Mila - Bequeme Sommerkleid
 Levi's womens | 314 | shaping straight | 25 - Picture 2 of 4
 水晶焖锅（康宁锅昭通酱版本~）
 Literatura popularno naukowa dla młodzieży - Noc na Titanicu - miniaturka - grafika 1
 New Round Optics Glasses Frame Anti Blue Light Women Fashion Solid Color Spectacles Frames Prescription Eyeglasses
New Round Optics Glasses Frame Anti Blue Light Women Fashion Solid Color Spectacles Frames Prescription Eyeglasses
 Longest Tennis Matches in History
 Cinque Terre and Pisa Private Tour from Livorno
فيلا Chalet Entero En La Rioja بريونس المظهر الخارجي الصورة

★ ★ ★

## Task item
Transcribe every record above exactly as it appears.

## Result of this task
Mila - Bequeme Sommerkleid
 Levi's womens | 314 | shaping straight | 25 - Picture 2 of 4
 水晶焖锅（康宁锅昭通酱版本~）
 Literatura popularno naukowa dla młodzieży - Noc na Titanicu - miniaturka - grafika 1
 New Round Optics Glasses Frame Anti Blue Light Women Fashion Solid Color Spectacles Frames Prescription Eyeglasses
New Round Optics Glasses Frame Anti Blue Light Women Fashion Solid Color Spectacles Frames Prescription Eyeglasses
 Longest Tennis Matches in History
 Cinque Terre and Pisa Private Tour from Livorno
فيلا Chalet Entero En La Rioja بريونس المظهر الخارجي الصورة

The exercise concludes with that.